>>>>>
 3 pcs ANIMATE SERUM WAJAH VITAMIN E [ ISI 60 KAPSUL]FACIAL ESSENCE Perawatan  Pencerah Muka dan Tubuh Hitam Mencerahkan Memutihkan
<<<<<
>>>>>
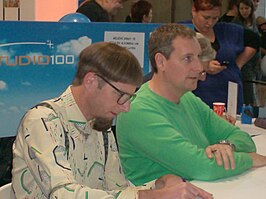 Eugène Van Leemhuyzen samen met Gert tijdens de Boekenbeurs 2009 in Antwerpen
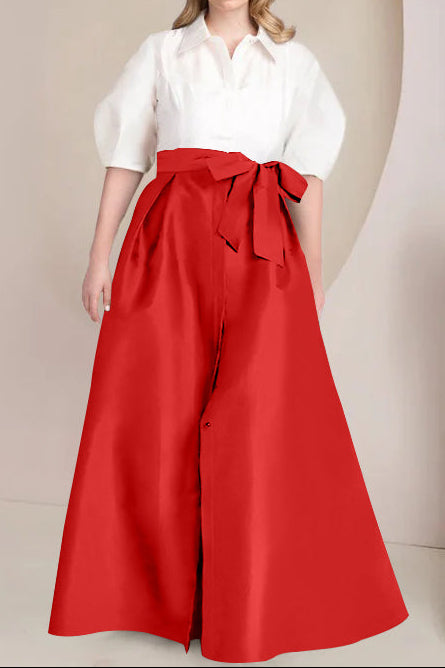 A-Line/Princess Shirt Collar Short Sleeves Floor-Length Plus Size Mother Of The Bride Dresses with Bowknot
<<<<<
### What to work on
In the listing above, find the line with "Eugène Van Leemhuyzen" and the line with "A-Line/Princess Shirt Collar". Output both, plus every line between them, and no pictures.

### Your solution
 Eugène Van Leemhuyzen samen met Gert tijdens de Boekenbeurs 2009 in Antwerpen
 A-Line/Princess Shirt Collar Short Sleeves Floor-Length Plus Size Mother Of The Bride Dresses with Bowknot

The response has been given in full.